Do we deceive ourselves?  Perhaps not consciously, yet this deception is widely accepted.  Consider the following rant by Pierre:  "Helene[his wife], who has never cared for anything but her own body and is one of the stupidest women in the world," thought Pierre, "is regarded by people as the acme of intelligence and refinement, and they pay homage to her.  Napoleon Bonaparte was despised by all as long as he was great, but now that he has become a wretched comedian the Emperor Francis wants to offer him his daughter in an illegal marriage.  The Spaniards, through the Catholic clergy, offer praise to God for their victory over the French on the fourteenth of June, and the French, also through the Catholic clergy, offer praise because on that same fourteenth of June they defeated the Spaniards.  My brother Masons swear by the blood that they are ready to sacrifice everything for their neighbor, but they do not give a ruble each to the collections for the poor, and they intrigue, the Astraea Lodge against the Manna Seekers, and fuss about an authentic Scotch carpet and a charter that nobody needs, and the meaning of which the very man who wrote it does not understand.  We all profess the Christian law of forgiveness of injuries and love of our neighbors, the law in honor of which we have built in Moscow forty times forty churches---but yesterday a deserter was knouted to death and a minister of that same law of love and forgiveness, a priest, gave the soldier a cross to kiss before his execution."

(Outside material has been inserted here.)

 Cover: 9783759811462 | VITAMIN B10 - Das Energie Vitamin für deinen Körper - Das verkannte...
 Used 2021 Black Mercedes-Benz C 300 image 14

Tolstoy uncovers how war really works and inquires if leaders in power influence the tides of war, or individuals collectively, inevitably, involuntarily determine the course and outcome.  "They were moved by fear or vanity, rejoiced or were indignant, reasoned, imagining that they knew what they were doing and did it of their own free will, but they all were involuntarily tools of history, carrying on a work concealed from them but comprehensible to us."

War and Peace also has more than one love story.  These rich portions of the book will anchor your soul to the one you love.  The times of absence due to the war allow Tolstoy to explore fully the definition of love even when invaded by doubt.  The transforming power of love is evident especially with the female characters, and  Tolstoy vividly displays a scene where Princess Mary sees her lover return:  "It was as if a light had been kindled in a carved and painted lantern and the intricate, skillful, artistic work on its sides, that previously seemed dark, coarse, and meaningless, was suddenly shown up in unexpected and striking beauty."

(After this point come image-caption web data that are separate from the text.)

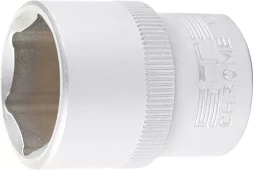 Головка торцевая 10 мм 6-гранная CrV под квадрат 1/2" STELS 13821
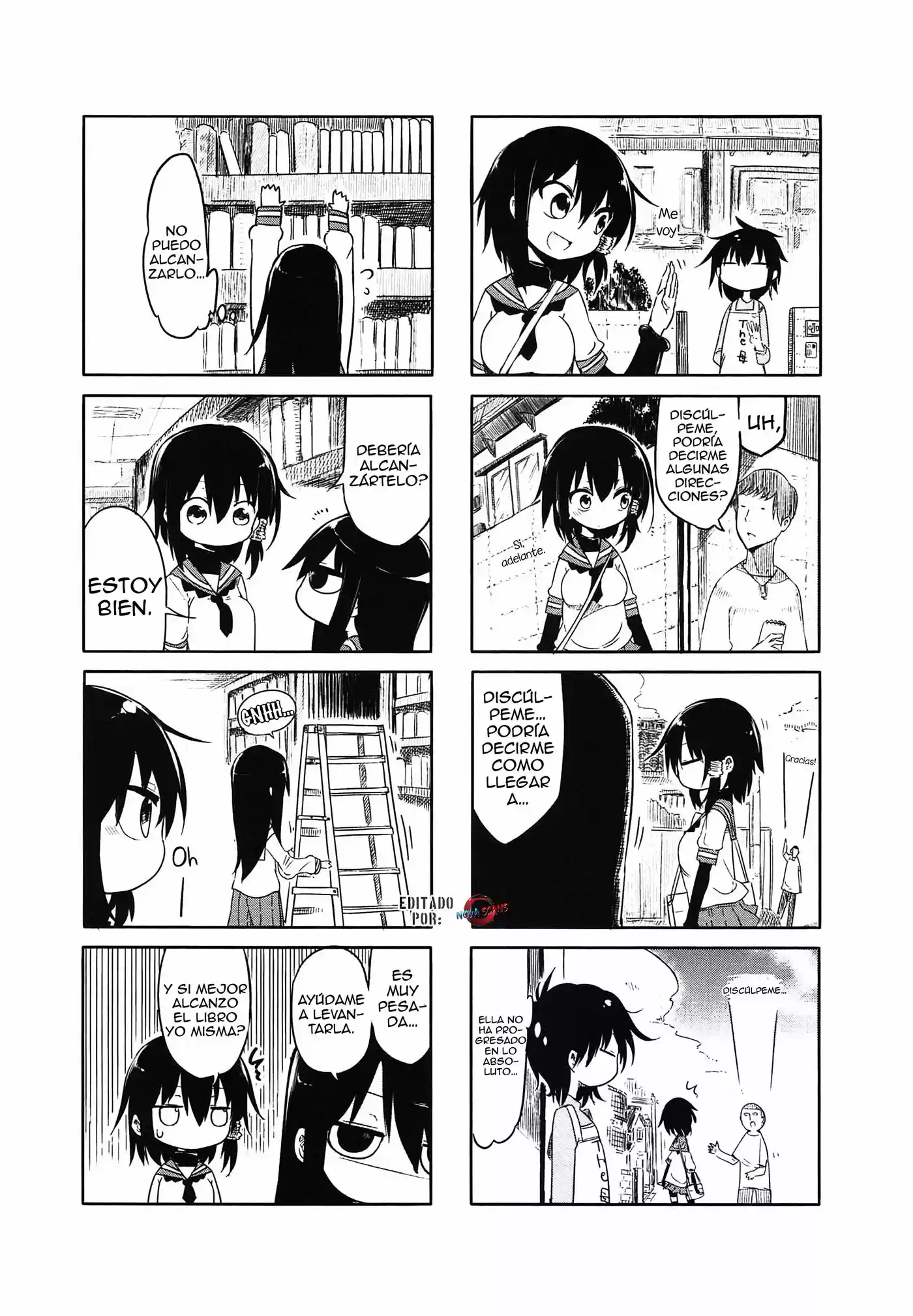 Komori-san wa Kotowarenai! (2012) - Capítulo 11 - Página 3 - LectorTMOo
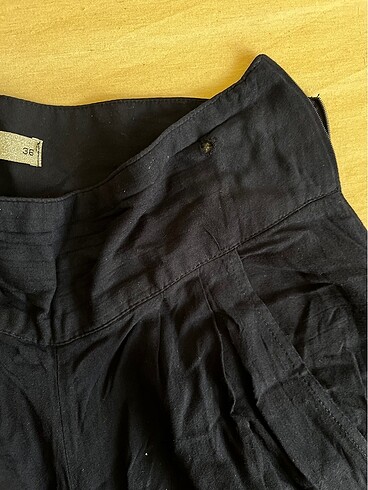 36 Beden lacivert Renk lacivert şalvar pantalon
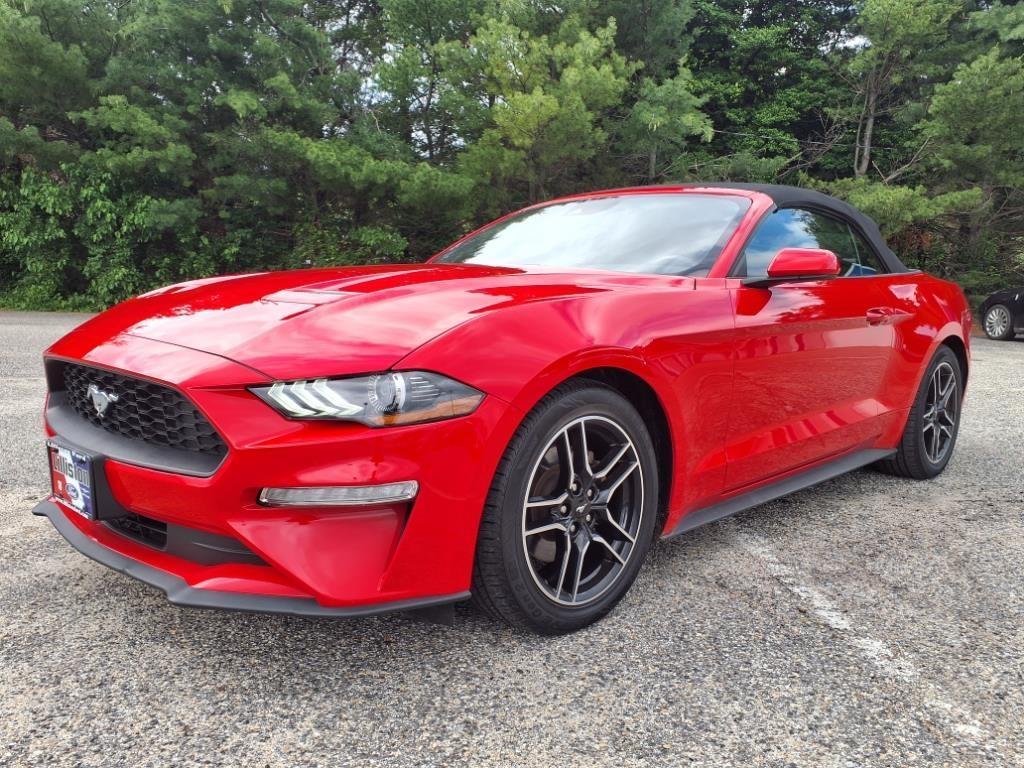 used 2023 Ford Mustang car, priced at $25,700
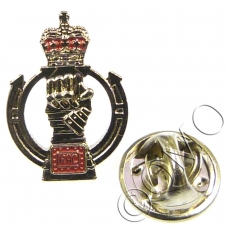 RAC Royal Armoured Corps Lapel Pin Badge (Metal / Enamel)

Tolstoy's insight into the human condition may be unparalleled.  I was moved by his description of the experience of loss, especially of a spouse, amplified by the nearness of death itself:  "After the deaths of her son and husband in such rapid succession, she felt herself a being accidentally forgotten in this world and left without aim or object for her existence.  She ate, drank, slept, or kept awake, but did not live.  Life gave her no new impressions.  She wanted nothing from life but tranquility, and that tranquility only death could give her.  But until death came she had to go on living, that is to use her vital forces.  A peculiarity one sees in very young children and very old people was particularly evident in her.  Her life had no external aims--only a need to exercise her various functions and inclinations was apparent.  She had to eat, sleep, think, speak, weep, work, give vent to her anger, and so on, merely because she had a stomach, a brain, muscles, nerves, and a liver.  She did these things not under any external impulse as people in the full vigor of life do, when behind the purpose for which they strive that of exercising their functions remains unnoticed.  She talked only because she physically needed to exercise her tongue and lungs.  She cried as a child does, because her nose had to be cleared, and so on.  What for people in their full vigor is an aim was for her evidently merely a pretext."

There's so much one can say about War and Peace, but I mostly wanted it to speak for itself.  It's a wonderful, moving novel, and uniquely tethers you to the story even upon completion.